L’ancien président de la maison Yves Saint Laurent et ex-vice-président d’Apple dresse un constat : l’industrie de la mode n’est pas assez en phase avec la nouvelle génération. Un congé sabbatique a permis à ce Belge d’origine de se rapprocher de ses enfants et de prendre conscience de cette réalité. Sa fille de 15 ans l’affirme : « Le monde ne peut plus nous ignorer. « 

Afficher un parcours professionnel international inégalé tout en restant un parfait inconnu dans son propre pays, voici à peu près le profil du timide Paul Deneve (59 ans). Les passionnés d’Apple le connaissent comme l’ancien directeur marketing Europe du géant américain, devenu en 2013 le vice-président du département  » projets spéciaux  » à Cupertino, dans la Silicon Valley. Les analystes le désignent comme le génie derrière le lancement de l’Apple Watch, l’accessoire tendance grâce auquel l’entreprise s’est établie sur le marché du luxe.

Le natif de Bruxelles a également fait impression dans la mode, notamment grâce à sa relance de la maison Lanvin en 2006, couronnée de succès, et sa refonte intégrale d’Yves Saint Laurent, dont il a pris la direction en 2011. Le Bruxellois est un habitué des choix audacieux, comme celui de nommer Hedi Slimane à la tête de la création et de concevoir une nouvelle gamme plus accessible, à l’attention d’une clientèle plus jeune. C’est par ailleurs sous le tandem Deneve-Slimane que la prestigieuse maison a été rebaptisée Saint Laurent et que le studio de création a déménagé à Los Angeles. Dans une note interne, Paul Deneve évoquait à l’époque un  » retour à la jeunesse, à la liberté et à la modernité qui caractérisaient Saint Laurent Rive Gauche à sa fondation en 1966 « .

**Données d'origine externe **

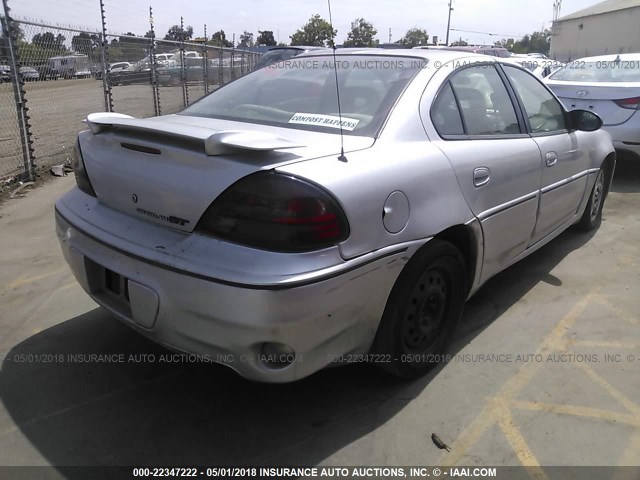 1G2NW52E44C106549 - 2004 PONTIAC GRAND AM GT SILVER photo 4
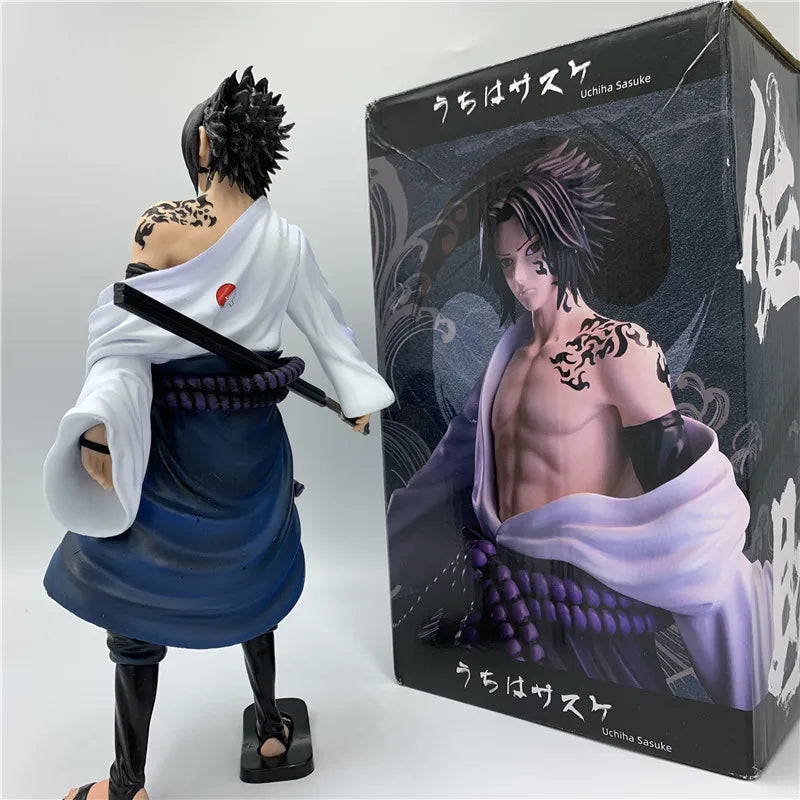 Lover Anime NARUTO Figure Uchiha Sasuke Curse Mark PVC Figure NARUTO Sasuke Orochimaru Itachi Sharingan Kakashi Model Toy Gift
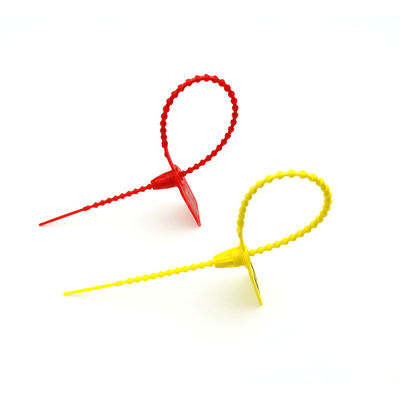 250*19*15,5 mm Abbigliamento Etichetta di sigillo di sicurezza in plastica per la stampa laser / stampaggio a caldo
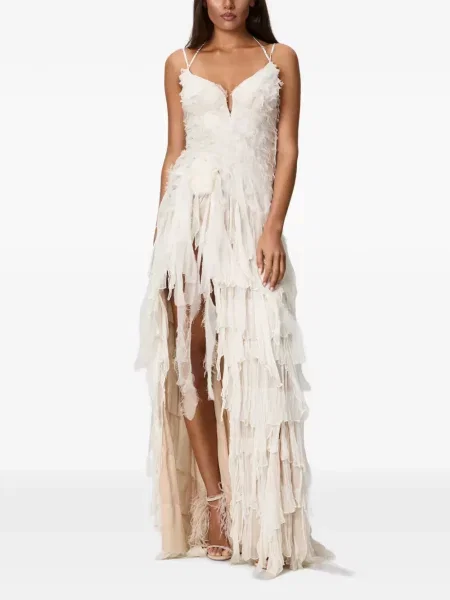 Rochie maxi Norina St alb
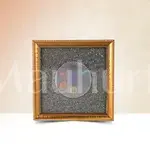Pyrite Dust Frame With 7 Chakra Symbol Carved Selenite Plate - Spiritual Harmony Yantra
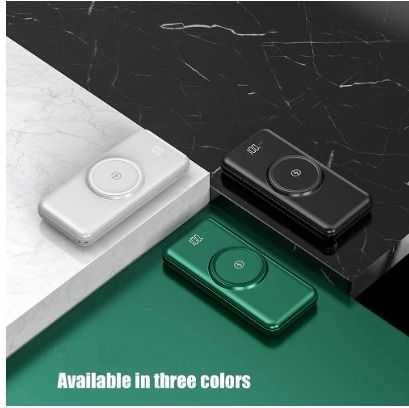 20000mAh безжичен преносим Power Bank цифров дисплей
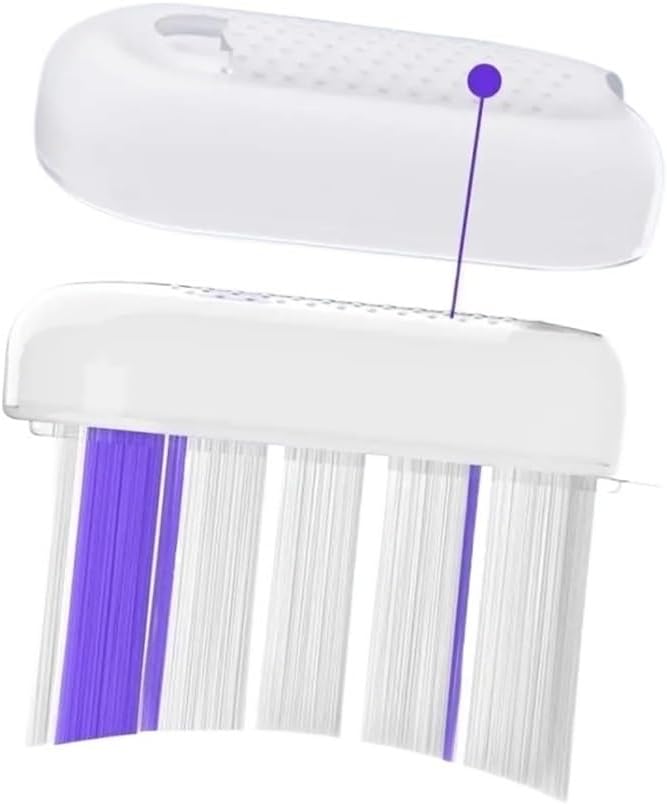 Compatible10 Pcs/Pack Replacement Toothbrush Heads for Laifen Wave Electric Cleansing and Brightening Transparent
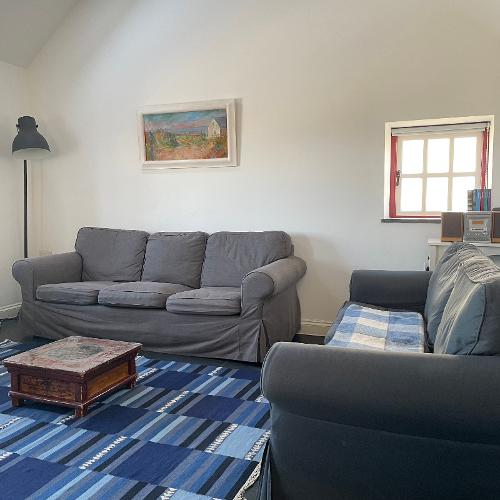 Seating area with two sofas and armchairs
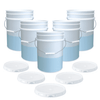 5 Gallon Food-Grade Bucket with Gasketed Tear Strip Lid - 5 Pack (FREE SHIPPING*)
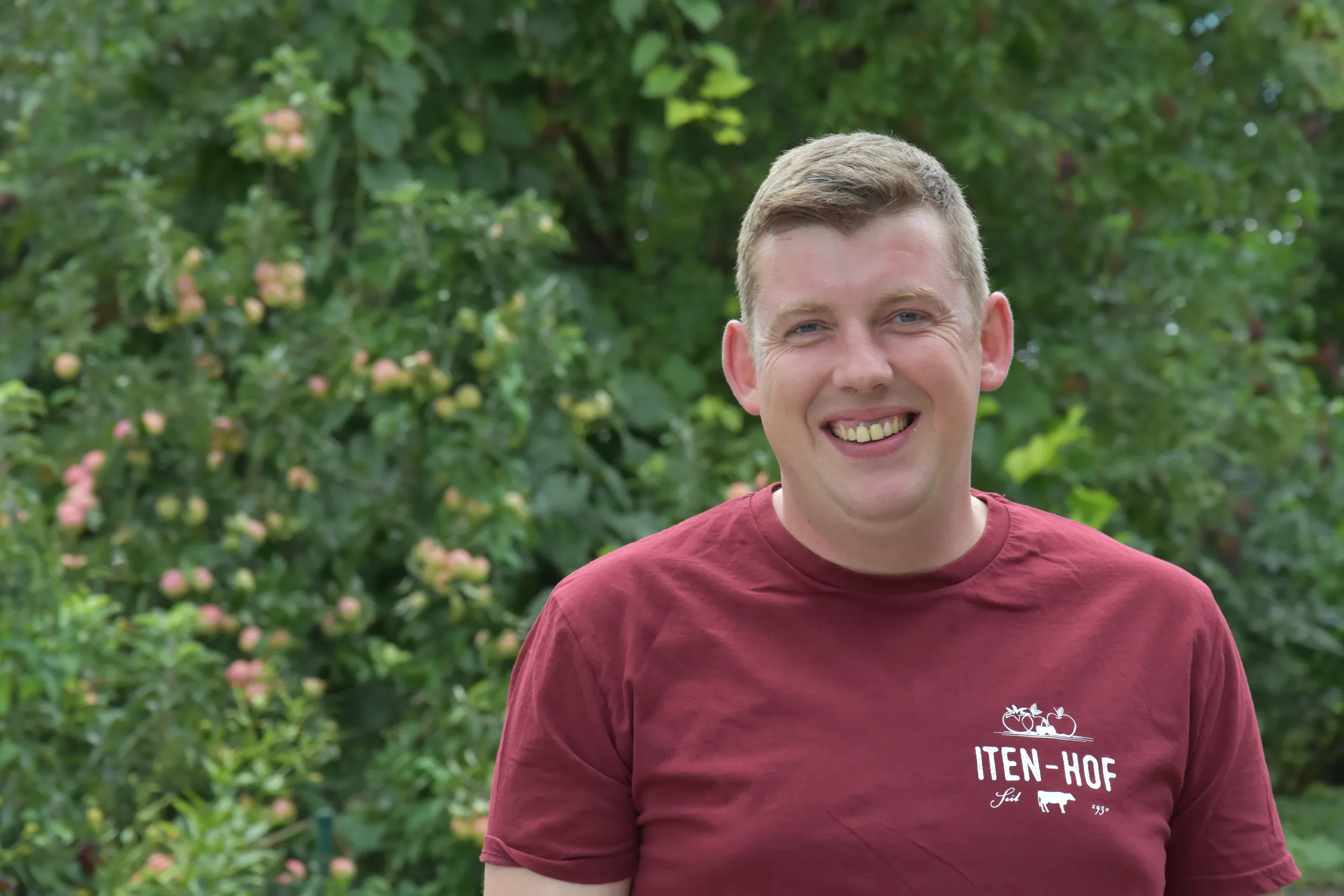 Lucas Iten, Betriebsleiter des Iten-Hofs
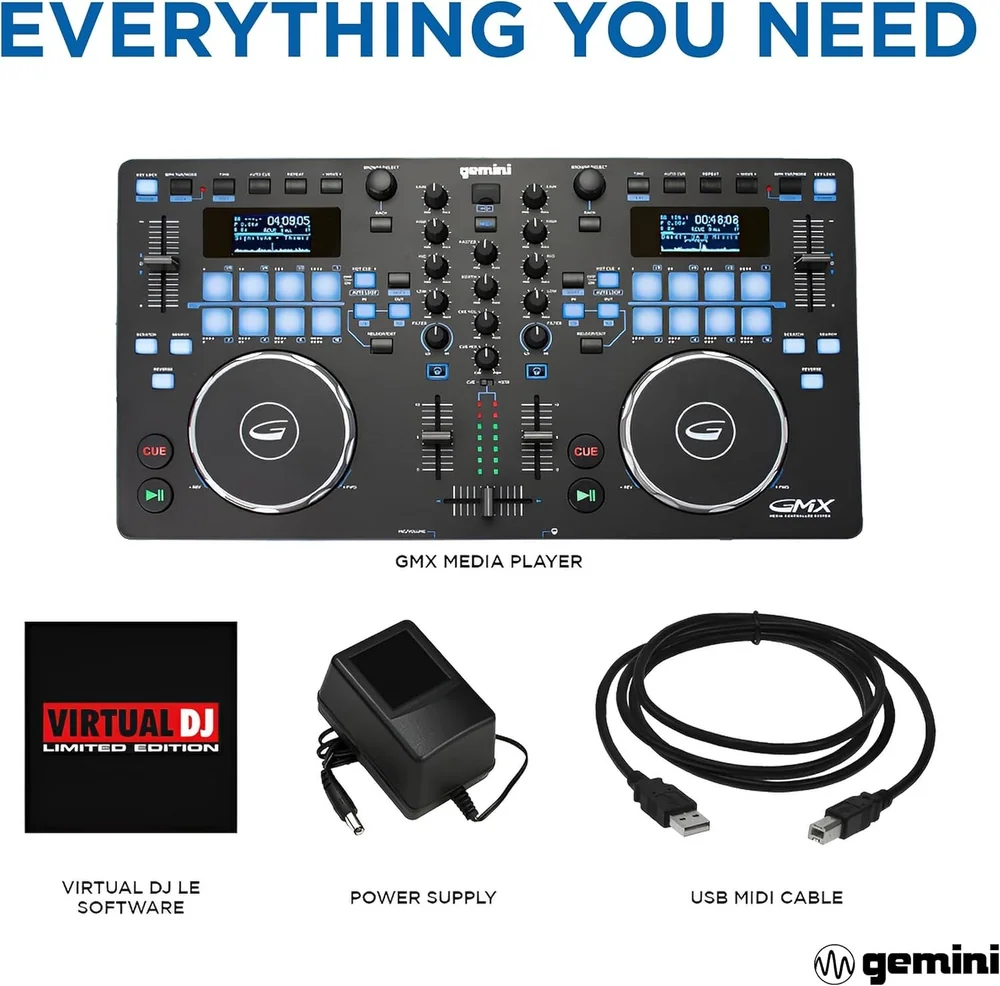 Gemini GMX | 2 Kanal DJ Mikser 6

Je ne partage pas cette idée pessimiste selon laquelle les jeunes de demain auront plus de difficultés que nous. «  Paul Deneve

L’homme nous confie alors que c’est là ce qu’il préfère : guider des entreprises sur une nouvelle voie, en leur apportant des idées pleines de fraîcheur.  » Ce sont des missions qui me stimulent. J’avais un plan précis en tête pour Yves Saint Laurent, et je ne voulais me lancer dans cette aventure que si j’étais certain que mon arrivée bouleverserait l’avenir de la maison.  »

Des gens et des idées

Pour ce diplômé de Solvay, qui a quitté San Francisco pour revenir à Paris l’an passé, la mode était tout sauf un premier amour.  » Adolescent, je savais seulement que je ne voulais pas devenir libraire comme mon père, mais que j’aspirais à découvrir le monde en gagnant un peu d’argent.  » Ses premiers postes en tant qu’auditeur interne et contrôleur financier s’inscrivaient dans la lignée de son diplôme d’ingénieur commercial, mais Paul Deneve s’est vite rendu compte que travailler dans la finance pure n’était pas pour lui.  » Même avant d’entrer chez Apple, en 1990, j’ai commencé à rencontrer des personnes venues d’autres domaines, qui, selon moi, menaient des carrières beaucoup plus passionnantes. Je suis devenu l’ami d’un photographe de mode bruxellois, qui m’a présenté à son entourage, évoluant lui aussi dans ce secteur. Avant mes 30 ans, je me doutais déjà que cet univers allait me lancer un défi.  »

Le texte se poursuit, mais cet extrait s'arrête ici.